I tend to struggle on long climbs, anything long (>10 minutes or so) I suffer and my power drops below sweet spot. On the other hand if I have a tail wind on the flats and my kinetic energy is as high as it can get without me spinning out, I can sustain much higher power pretty much indefinitely…
Might have something to do with the fact that I train mostly in Flanders and around Berlin, and at both places the roads are basically as flat as can be.
It may be a purely mental thing. But I think that could also be due to weak spots in my pedal stroke that don‘t matter when inertia carries me over on the flats, but does matter a lot on the climbs
No, I think it is more muscle type. As the article points out, some are better on flat terrain and some on climbs. Your conclusion only suits the hill climbing people.
I am like @dmalanda and produce power more easily on flat terrain, all things being equal.
I don’t think so. It is simply saying that riders stronger on the flat, are better when you can put out the torque only through a small window of the pedal stroke and “rest” their legs for the remainder. It makes sense to me. If I put out higher torque than you but for less of the pedal stroke and you put out less torque, but sustain it for more of that down stroke (like on a climb), we can both produce the same power, but in different ways. A hill allows you to push less torque but for longer, while high speed, flat terrain, is more conducive to higher torque but for a smaller portion of the pedal stroke.
This is just me thinking out loud, applying what the article is saying.
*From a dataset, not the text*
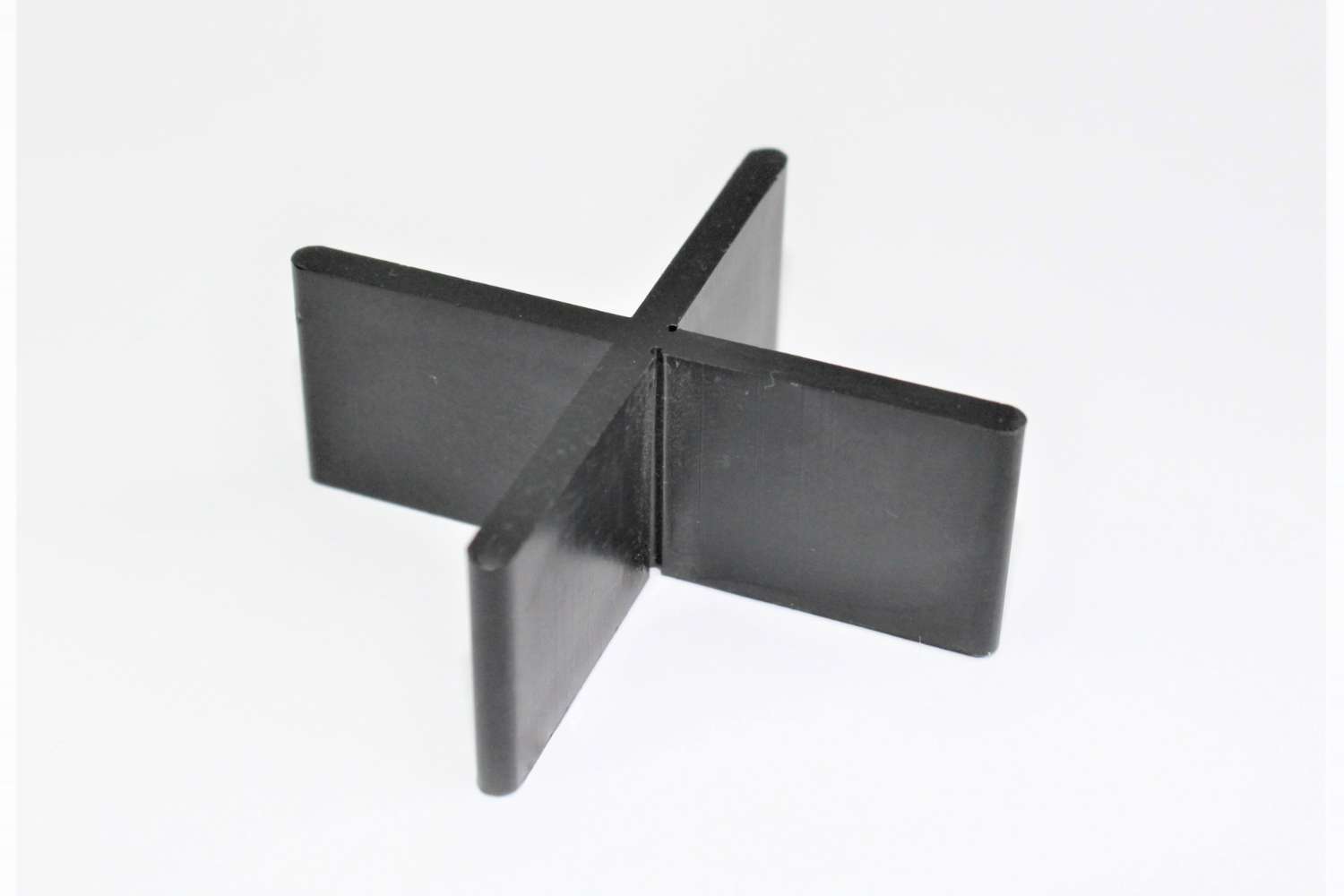 Fugenkreuze 3 x 19 – 55 Kunststoff schwarz (100 er Verpackung) abbrechbaren Schenkel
Might be useful? 10 reasons climbing feels different to (flat) timetrials…at the same watts and on the same bike LINK
Agreed that it is average effective torque over the entire crank revolution
However, almost(?) everyone reports lower power in the TT position. On a trainer at the same power, cadence and gearing, the only thing differing is body position. There is no “difference in momentum” and power is lower in TT position. It is a function of joint angles
I wish the article didn’t lead people to believe it is comparing upright road position to TT position. That isn’t the point and just a distraction to the information it is presenting.
I know, all things being equal, I do better on high speed flat riding than hill climbing. The article also mentions Brad McGee, on the track vs hill climbing on what one would assume, is very similar positions on the bike.
“Raoul and his colleagues noticed that Brad McGee could float around the track at 650 watts and make it look effortless. However, they questioned why he couldn’t climb when he clearly had good power.”
What science? The only thing in that article is speculation.
Performance of the bike/rider combination depends on numerous factors (power vs weight, aerodynamics and Crr) and these tend to fight against each other (a more powerful rider is generally larger, Riders can produce less power in aerodynamic positions but less power is required etc).
But rider performance a (as with any engine) really comes down to performing work/time=power (watts). When the hip angle closes down, watts go down regardless of “momentum”.
There are a lot of cycling articles written by people who have no understanding of what they are talking about.
The science of different potential energy in a bicycle and rider on different terrain.
I don’t think this is the point of the article. From my understanding.
I guess high school level physics “makes sense”.
However, I was referring to the speculation about differences in muscle fiber recruitment. The article doesn’t mention any research, published or unpublished, and in fact makes the claim that it is easy to determine such differences with EMG, when it is not.
The catchphrase that comes to mind is, “where’s the beef?”.
Yeah that one confused me as well. They say they don’t mean fast-twitch vs slow-twitch in the classical sense. But they don’t really say what they actually mean. Not sure if there is really any takeway from the article other than: “Well, some people are just good at climbing!”
No, it is not thorough and didn’t claim to be. It is an attempt to explain why some people put out more power on a hill vs flat and others put out more power on the flat vs hills. I’d like to read more about this topic.
Me too, but not this sort of junk journalism.